7月号
大学に見る名建築 ② 関西学院大学・時計台(旧図書館)
ヴォーリズによるキャンパス構想の基点
(1) 1階ロビーには愛らしい模様のタイルが敷き詰められている
(2) 赤瓦とクリーム色の壁面。スパニッシュ・ミッション・スタイルの建築様式
(3) 甲山を背景に建つ左右対称の学舎。
時計台は、ヴォーリズによるキャンパス構想の基点に位置づけられる
(4) 建設当時の面影を今に残す
(5) 最上部の塔には、関西学院のシンボルマーク・三日月が掲げられている
(6) 図書館・資料室として親しまれていたが、「関西学院大学博物館」としてリニューアル
(7) 天井に至るまで、細やかな造形美を表現している
写真提供:関西学院
関西学院大学・西宮上ケ原キャンパスといえば、甲山を背景に建つ時計台を含む、左右対称の美しい学舎を思い浮かべる人が多いだろう。瓦の赤と壁面のクリーム色の対比が美しいスパニッシュ・ミッション・スタイルといわれる建築様式で、中央に塔と玄関ポーチ、両端に切妻屋根、正面にアーチ型の連窓を配するこの建物は、アメリカの建築家・ヴォーリズによって設計された。

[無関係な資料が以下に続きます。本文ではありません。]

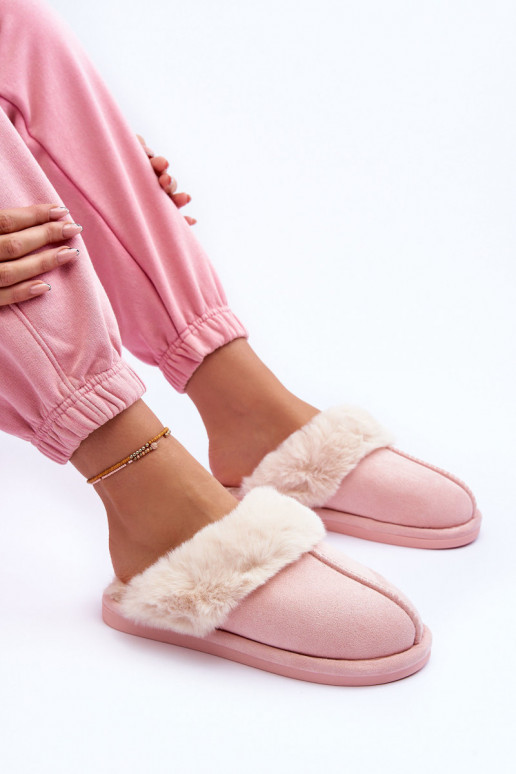 Chaussons avec fourrure rose Pinky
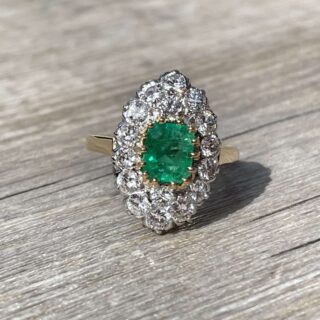 Bague Marquise émeraude diamants en or 18 carats d&rsquo;occasion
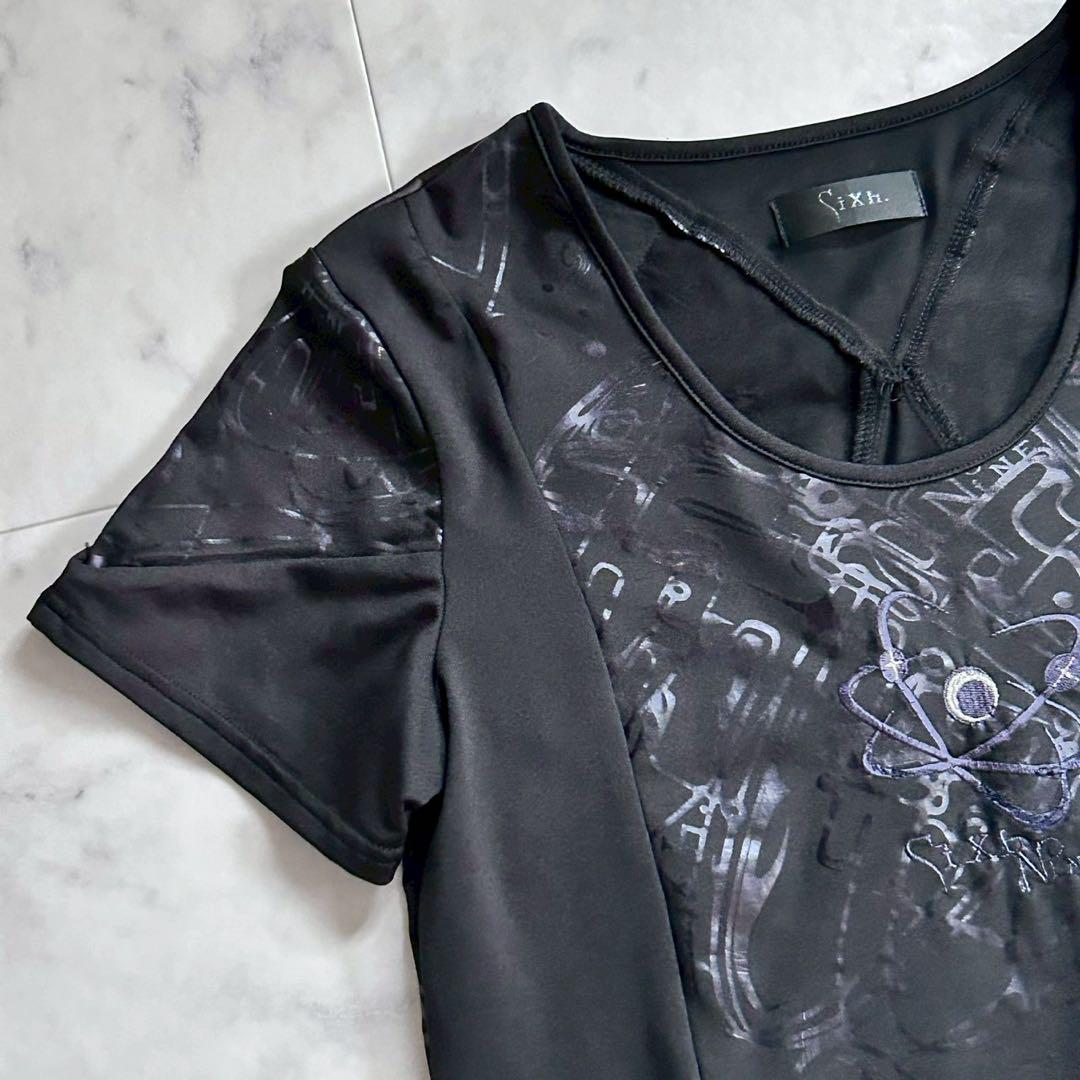 美品　h.NAOTO　Sixh. 半袖Tシャツ　ブラック　切り替え　ロゴ　お兄系 美品 h.NAOTO Sixh. 半袖Tシャツ ブラック 切り替え ロゴ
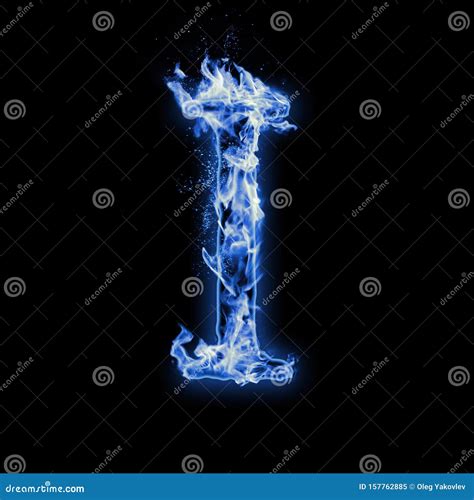 Letter I. Blue Fire Flames On Black Stock Image | CartoonDealer.com ...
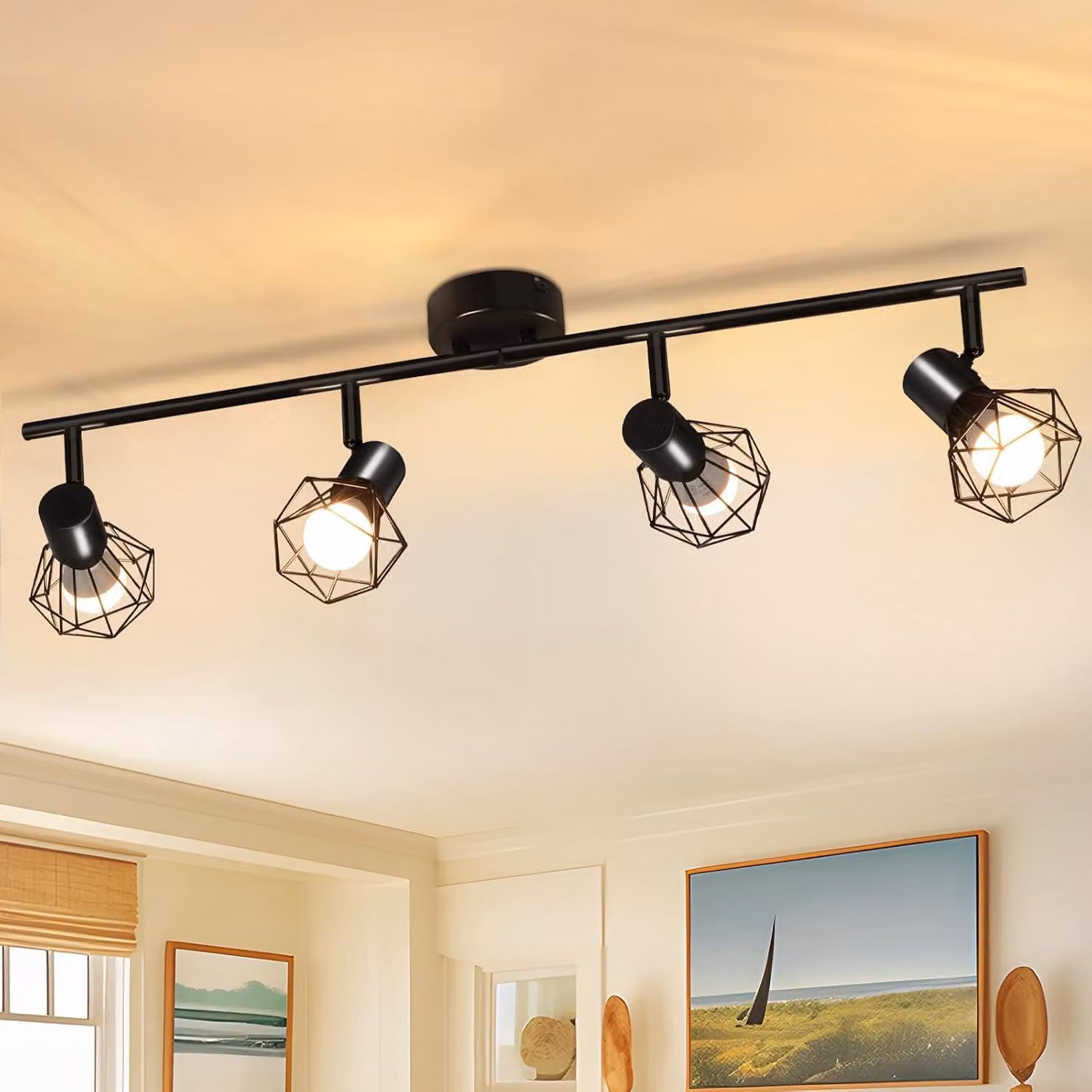 Lampada a soffitto E14, rotazione di 350°, metallo nero, ideale per il soggiorno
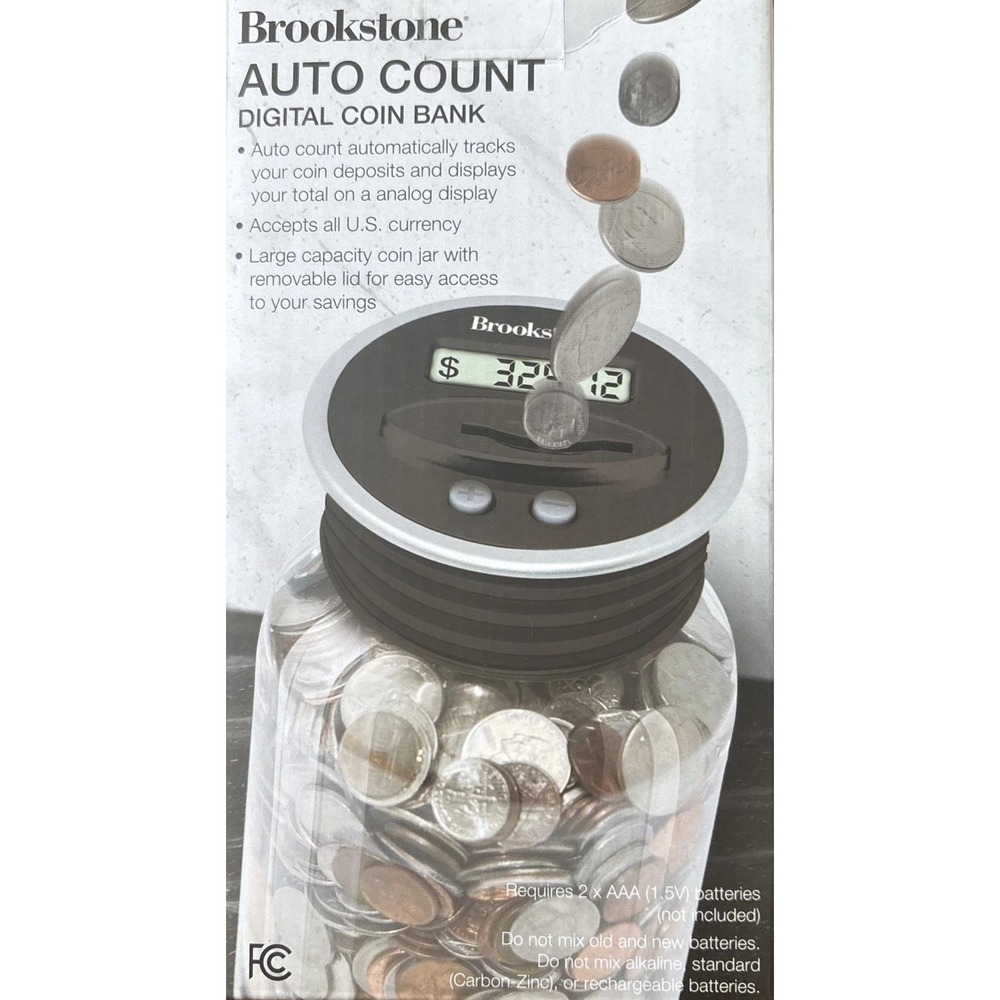 Brookstone Auto Count Digital Coin Bank Tracks Displays Coin Total NIB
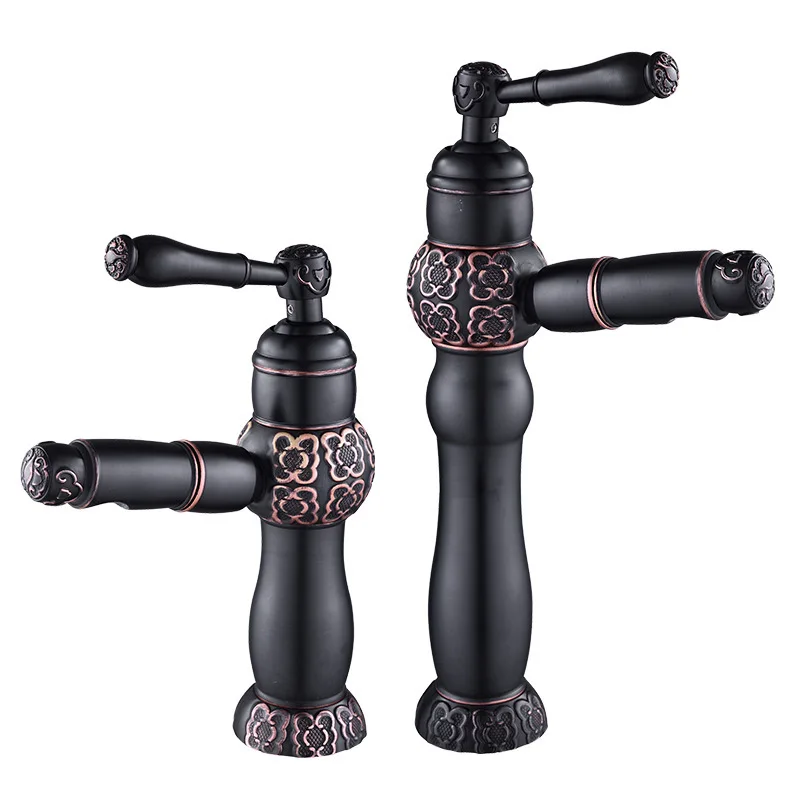 

pull out tap basin faucet continental bibcock of carve patterns or designs black cold and hot mix faucets Deck Mounted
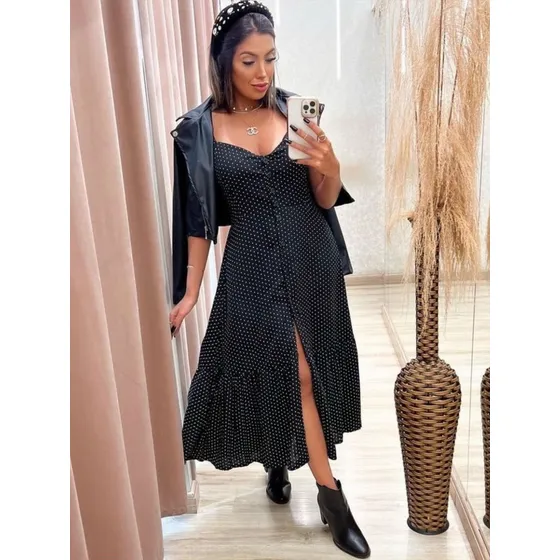 Vestido Midi Botão Luxo Com Elastex E Regulagem Na Alça
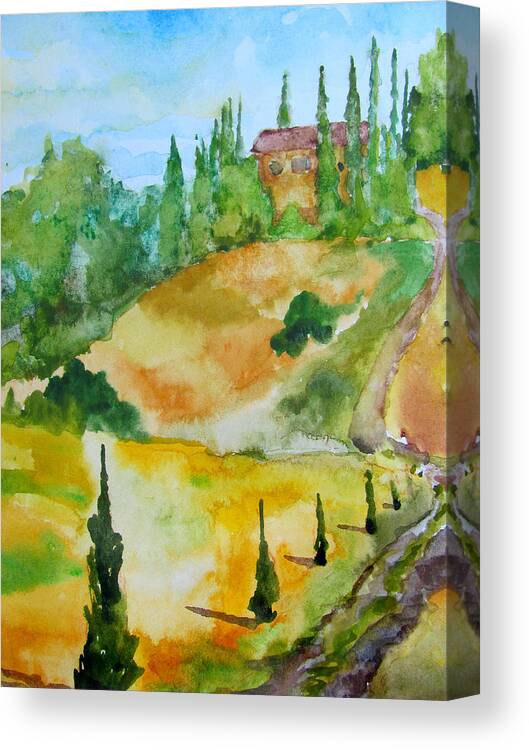 Central Italy Tuscany Landscape Cypress Trees Farmhouse Italian Tuscan Light Pastoral Bucolic Hills Foliage Scenery Nature Canvas Print featuring the painting Up the Hill by James Huntley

シンボルともいえる「時計台」は、神戸市・原田の森にあったキャンパスが昭和4年(1929)ここに移転してきた際に、図書館として建てられた。大学全体を一望できる場所にあり、ヴォーリズによるキャンパス構想の基点と位置づけられている。時計塔にあるアーチ上部にはスクールモットー“Mastery for Service”を刻んだエンブレムが、モザイクタイルのドームの天頂には、関西学院のシンボルマークである三日月が掲げられている。ロビーには絨毯を連想させるタイルが敷き詰められ、2階展示室(旧図書館閲覧室)は白塗りの高い天井となっている。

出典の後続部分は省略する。